NEW YORK – A decade after Storm Sandy hit New York and New Jersey in one of the most expensive storms in US history, the federal government proposes a $ 52 billion plan to build movable barriers and gates on bays , rivers and other waterways in the two states most affected by the storm.
The U.S. Army Corps of Engineers said on Monday that it had tentatively chosen an option for the daunting task of protecting the region from the type of storm surge that destroyed large sections of the coast and inland areas during the October 29, 2012 storm. .
The publication of the report came when Hurricane Ian crashed into Cuba on a route that would make it a potentially catastrophic Category 4 story when it reaches Florida, where 2.5 million people have been ordered to evacuate.
The proposal for New York and New Jersey includes the construction of movable sea doors in various industrial canals, bays and other urban waterways in New York City, the tidal strait that separates Staten Island from New Jersey and at the mouth of Hackensack and Pass the Rivers of the Garden State in the Meadows region.
The gates would remain open during lulls and may be closed when severe thunderstorms approach. But the proposed barriers have drawn opposition from property owners who care about what they would look like and environmentalists concerned about the negative effects on water quality and natural ecosystems.
Coastal barriers, including floodwalls, levees and causeways, would be built in Brooklyn, Queens and Manhattan in New York, and in Jersey City and Newark in New Jersey.
The plan also includes the integration of natural solutions such as the restoration of wetlands and the creation of “living shorelines”, with features such as colonies of oysters designed to mitigate the force of the waves arriving in various places to complete the engineering projects carried out. by men.
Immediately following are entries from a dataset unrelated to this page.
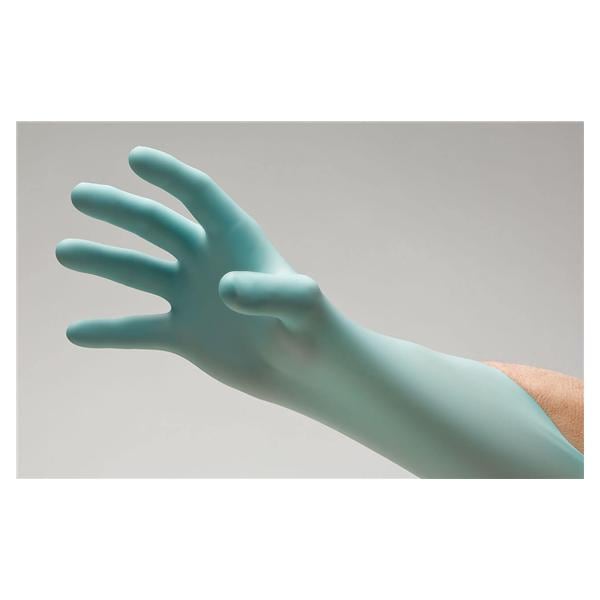 Pulse CR Chloroprene Gloves Medium Aqua Non-Sterile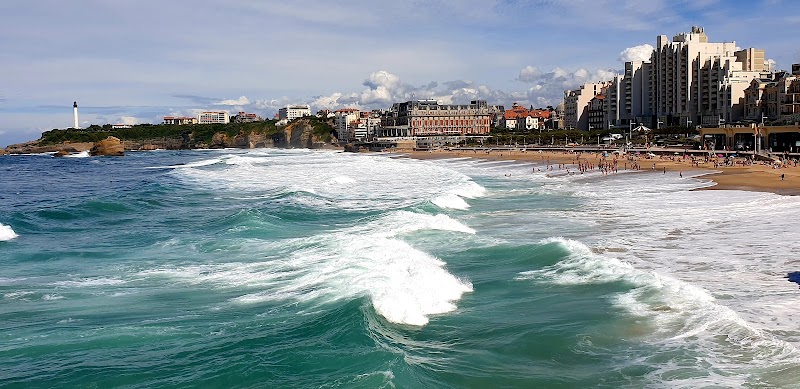 Beachfront Bliss at La Grande Plage, Biarritz - La Grande Plage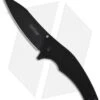 Kershaw Turbulence Assisted Opening Knife (3.25" Black) 1790CKT -Kershaw Store kershaw turbulence 1790ckt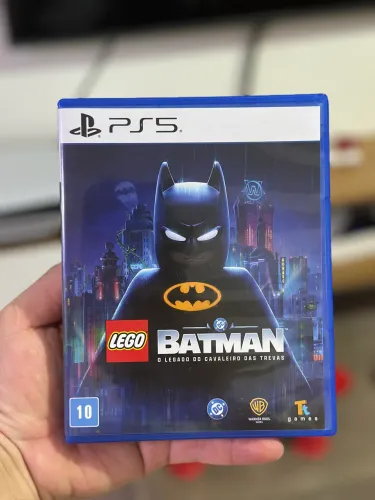 Lego Batman
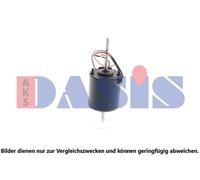 Motore elettrico, ventilatore interno AKS DASIS 740022N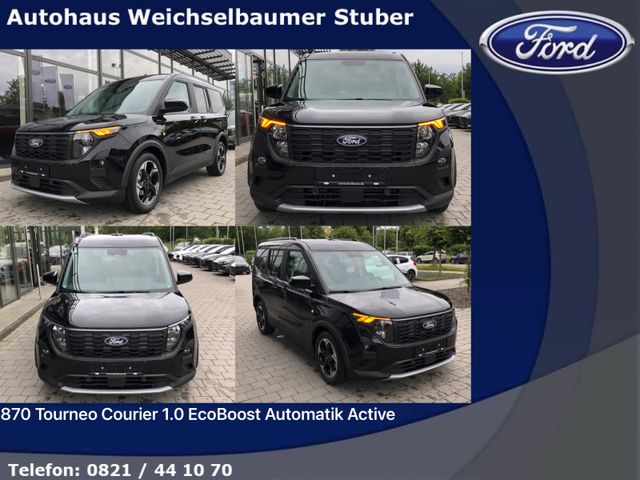 Ford 870 Tourneo Courier 1.0 EcoBoost Autom. Active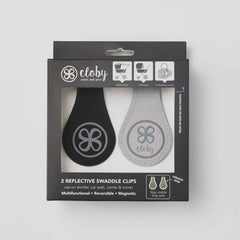 Cloby Leather Swaddle Clips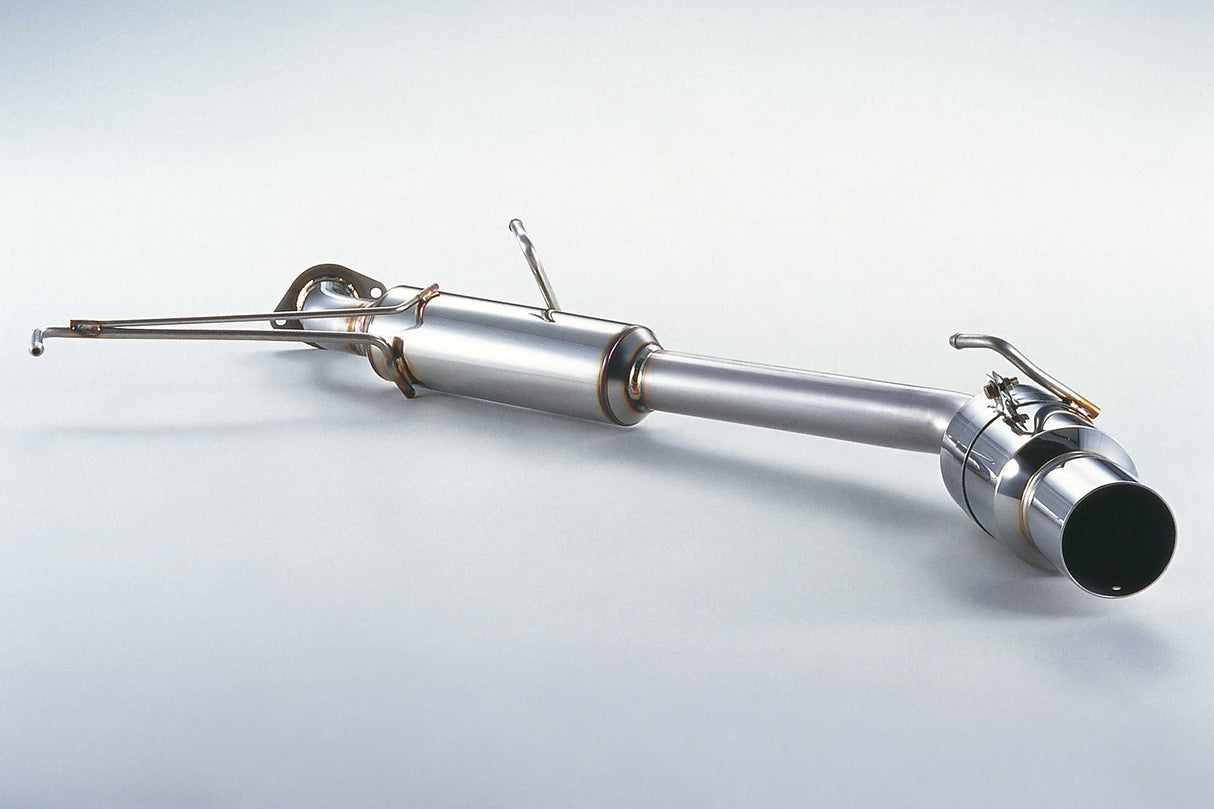 Fujitsubo Power Getter Exhaust - Toyota Noah/Voxy Sporty AZR60G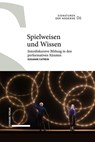 Spielweisen und Wissen - Susanne Catrein - 9783796551444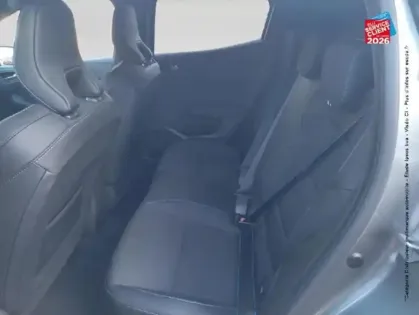 Photo 10 Renault Clio  1.6 E-Tech 145ch full hybrid esprit Alpine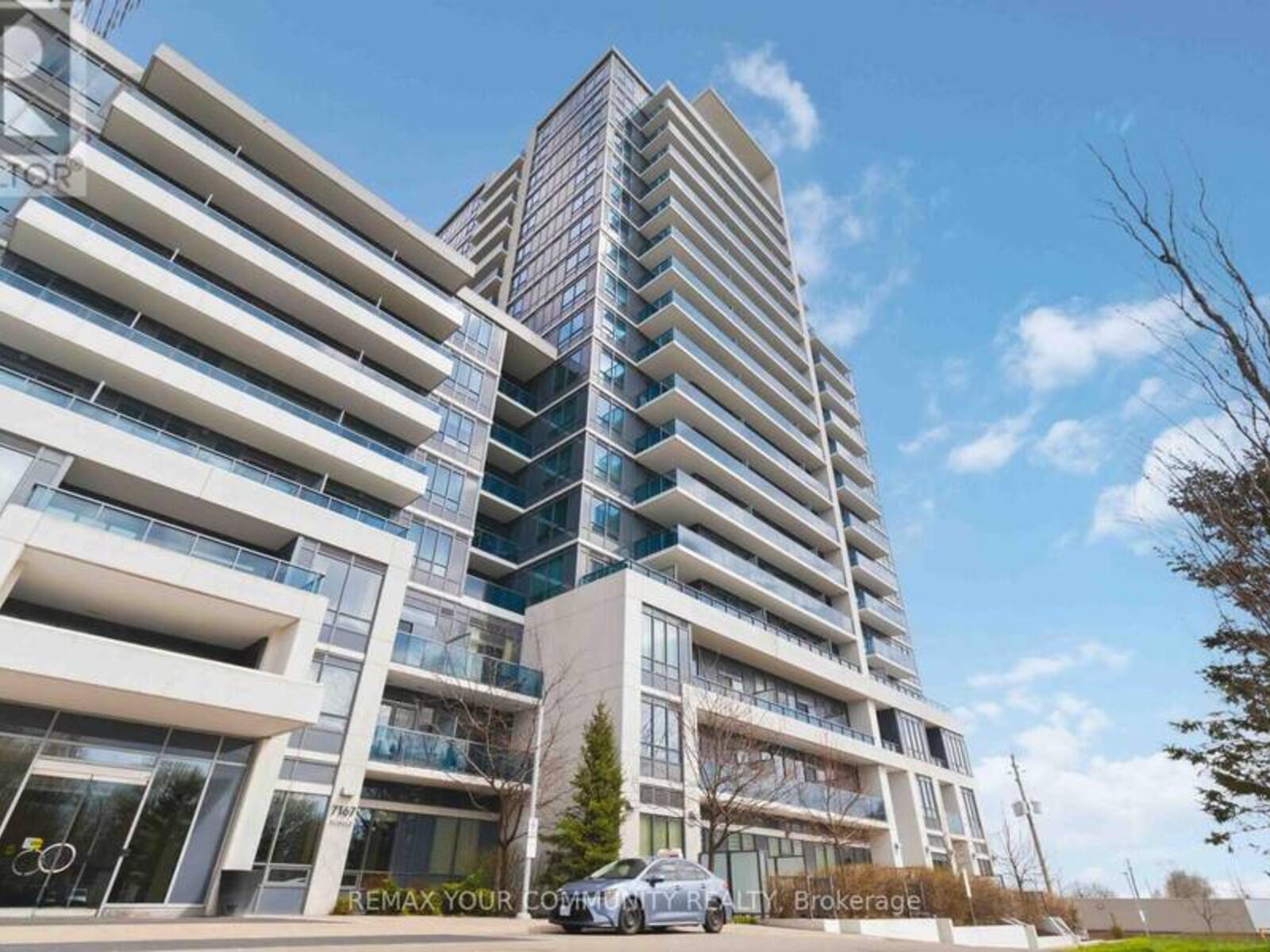 418 - 7167 YONGE STREET, Markham, Ontario L3T 0E1
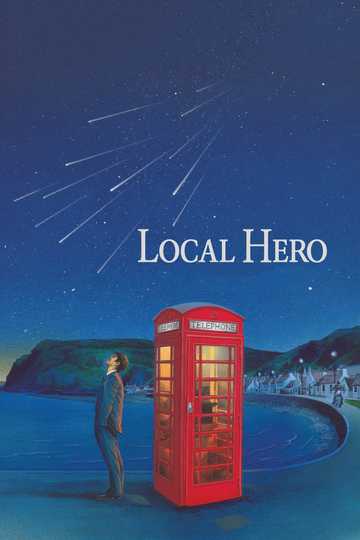 Local Hero Poster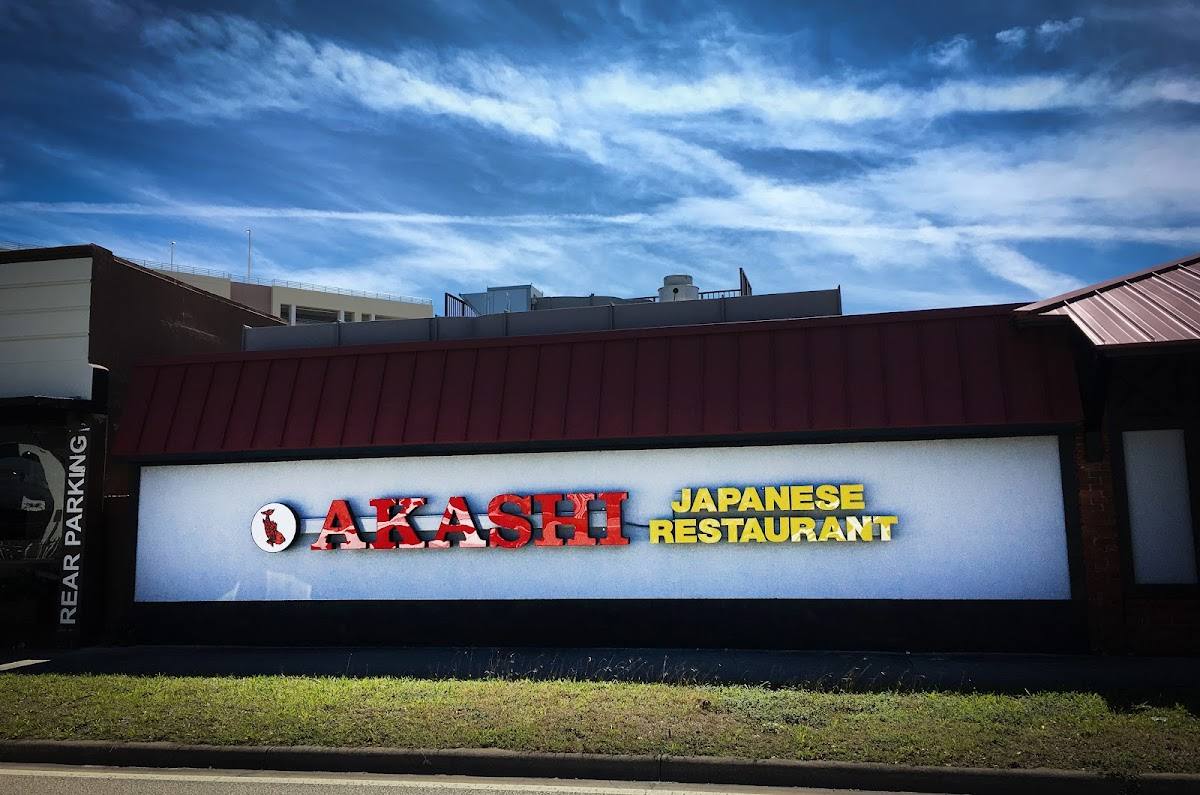 Akashi Japanese Restaurant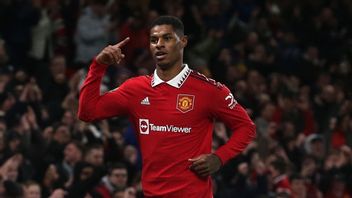 Fakta Menarik Marcus Rashford yang Catat Rekor Baru saat Manchester United Gilas Real Betis 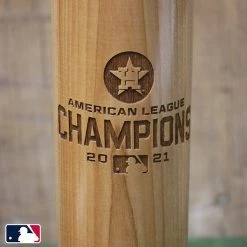 Thompson Mug Co. - Dugout Mugs 2021 Houston Astros A.L. Champions Dugout Mug®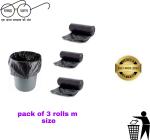 MJ EXIM MGK-03 TRASH BIN BAGS Medium 12 L Garbage Bag (90Bag )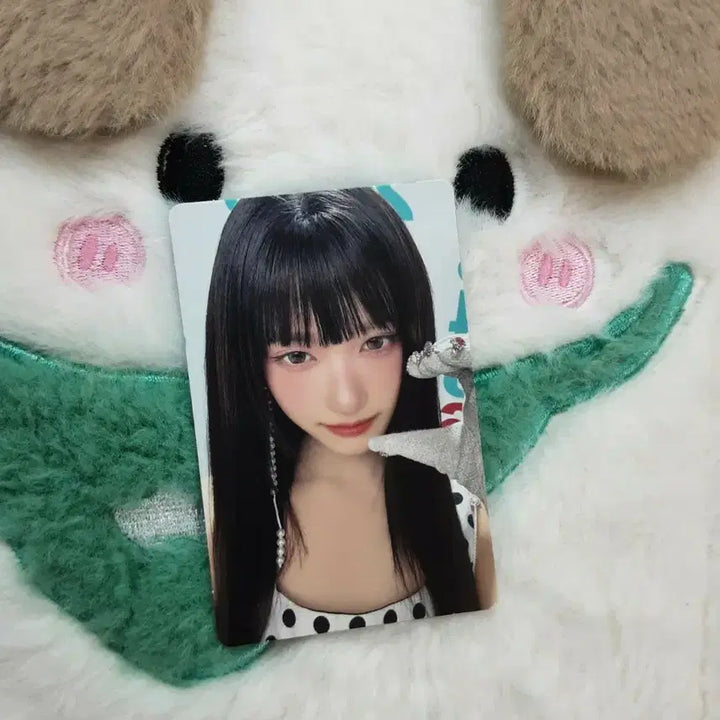 [BUNJANG] IVE Seoah REVIVE SPOILER Photocard / 아이브 이서 REVIVE SPOILER 포카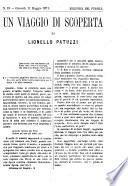 Un viaggio di scoperta di Lionello Patuzzi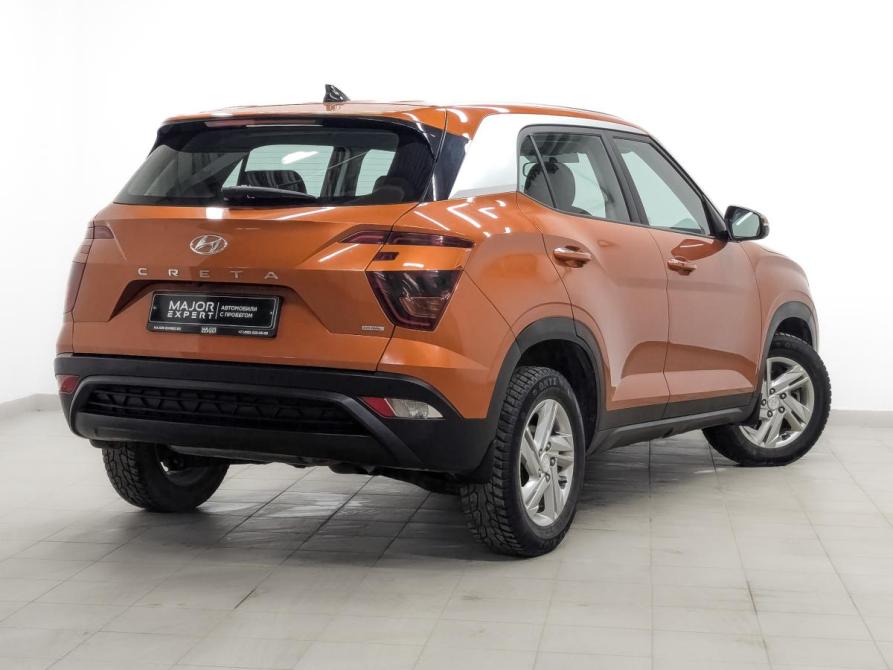Hyundai Creta II Москва  - изображение 5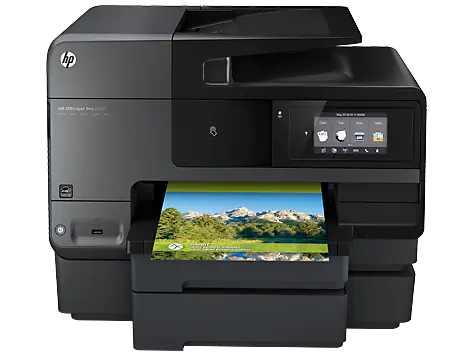 HP Officejet Pro 8630 driver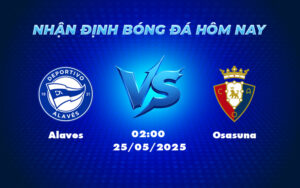 alaves osasuna 25 05 la liga
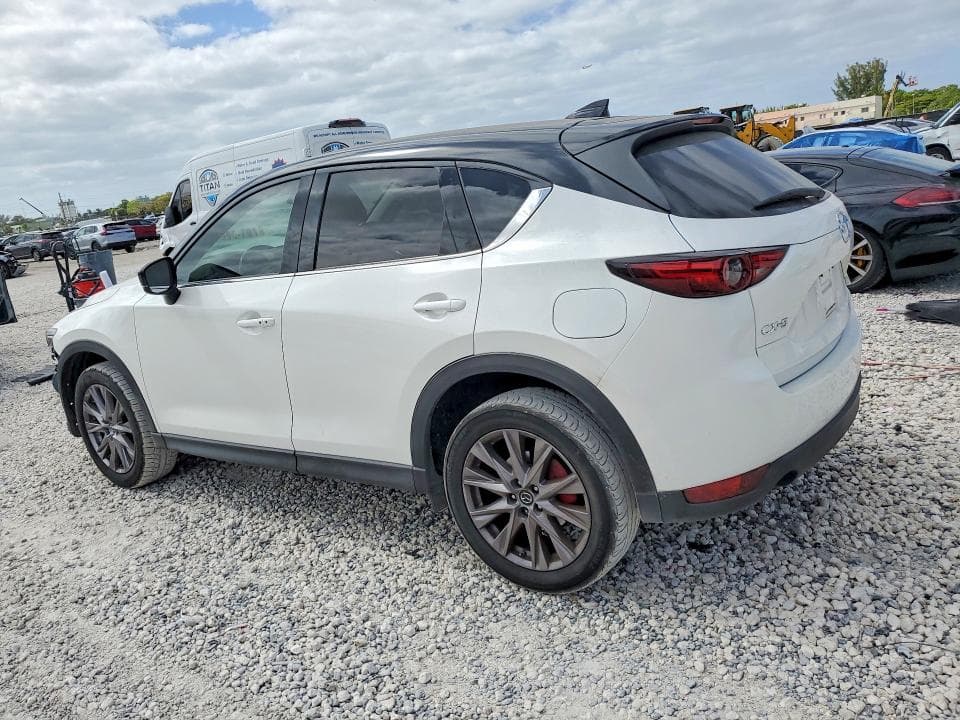 2020 MAZDA CX-5 GRAND TOURING 2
The works would not have started before 2030 and would not have been completed until 2044.
Kizzy Charles-Guzman, executive director of the New York City Mayor’s Office of Climate and Environmental Justice, called the study “an important step toward a comprehensive coastal risk assessment along our port.”
“The densely populated and industrialized region of New York-New Jersey Harbor is among the nation’s most threatened by extreme storm events caused by climate change,” added Shawn LaTourette, New Jersey Environmental Commissioner.
Robert Freudenberg, vice president of the Regional Plan Association, said the proposal “goes a long way to protect areas that are currently not protected.” He warned that the support of local communities is crucial to any plan implemented.
The study aims to protect critical infrastructure and population centers that have been flooded by Sandy.
“In the event of a severe storm, deployable storm surge barriers, navigable gates and flood barriers would help reduce the risk of flood-related damage to vulnerable areas, including loss of life and damage to infrastructure,” he says. the report. “Within the reduced risk areas are schools, parks, energy and transport infrastructure, containers and other freight terminals, which would see significant benefit through the implementation of the study’s measures.”
The plan presented this week replaces an earlier proposal for a single six-mile retractable gate between the Rockaways in Queens and Sandy Hook in New Jersey.
The study is similar, but much larger, to an ongoing Army Corps study in New Jersey’s rear bays, where flooding caused significant damage during Sandy in areas far from the ocean.
This study proposes retractable gates and barriers at the mouths of several New Jersey inlets, as well as at the center of the bays to mitigate the force of the storm surges. It would cost $ 16 billion.
There is no guarantee that Congress will fund all of this; it initially refused to provide $ 60 billion in aid to the region after Sandy struck, before giving in. But Freudenberg of the Regional Plan Association said Army Corps projects tend to be funded at a higher rate than other spending claims, calling this proposal “as close to secured funding as possible.”
Even if the funding was approved, the federal government would only cover 65% of the cost, leaving the rest to states and local communities.